Melo is therefore not a person who is unfamiliar with receiving a lot of attention. Not to add that every time his family begins filming their reality TV show Ball in the Family, his life is on full display for the entire world to see.
Of course, celebrity and wealth go hand in hand. Ball’s current contract is on the rookie scale, but given how he’s been performing, the Charlotte Hornets will most likely max it out. Melo’s expensive purchases, however, show that the Ball family was pretty wealthy given how he lived before entering the NBA.
As the owner of a $1.7 billion team escalates after Ja Morant’s Grizzlies played on Christmas, Michael Jordan’s failure is highlighted.
LaMelo Ball bought a horse for $24,000
LaMelo Ball decided against attending college like his two older brothers and instead packed his bags to play basketball in the Australian Basketball League with the Illawarra Hawks. He would finally stop playing after going all out for a few months to get ready for the 2020 NBA Draft.

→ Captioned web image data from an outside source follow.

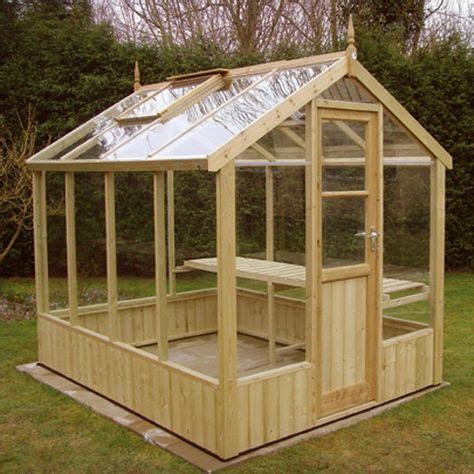 Check spelling or type a new query. Tips On How To Build A Greenhouse Cheap | Backyard ...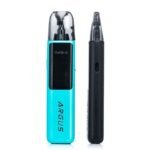 Набір Voopoo Argus G2 Pod Kit 30W 1000mAh - Зображення 3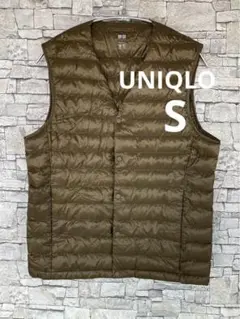 Item thumbnail for item b5928343-2142-4821-8be4-c57d3d8231d0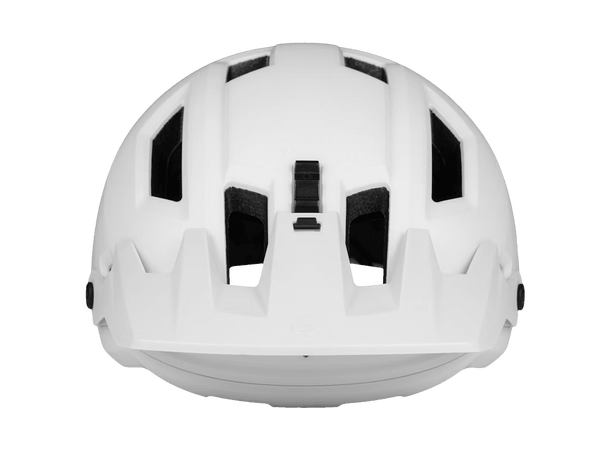 Sweet Primer Mips Hjelm M/L Komfort, Passform og ventilasjon, MWHITE 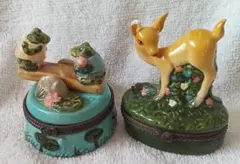 Item thumbnail for item 85252b55-4057-4826-b0d0-fcc955281aaf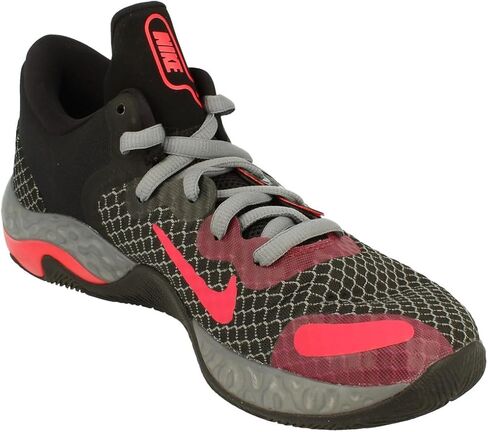 Nike Men's Gymnastics Shoes Sneaker in Kuwait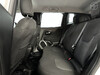 RENEGADE 1.8 16V FLEX 4P AUTOMÁTICO - 2020 - SANTA MARIA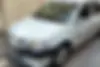 رنو،  پارس تندر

LaMelo Ball tirando onda com a defesa do Lakerspic.twitter.com/uUALjmmLF6
— NBA do Povo 🏀🇧🇷 (@NBAdoPovo) December 24, 2022
He eventually exited the league after not suiting up for the Hawks for a while. One of the main causes of this was the fact that he had recently spent a staggering $24,000 on a horse. Even more intriguing is the fact that he gave this horse the all-caps moniker LAMELO.
Whether he purchased the horse with the intention of riding it or simply keeping it as an animal of his own, $24,000 is an absurd sum of money. Is it really a big concern, though, if you’re expected to go in the top three of the NBA Draft?
La Melo Ball has Been Playing Good Basketball Since Returning
LaMelo Ball has established himself as the Charlotte Hornets’ lone shining star now that he is fully recovered from his ankle injury. This season, they were predicted to be a play-in squad, but it appears they’ve gone over the edge and locked themselves into the Wembley competition.
Ball has averaged 23.3 points per game on 38% three-point shooting while dishing out 8 assists per game in the few games he has played this year. Because of the Hornets’ record, he won’t typically be an All-Star, but he plays like one most nights.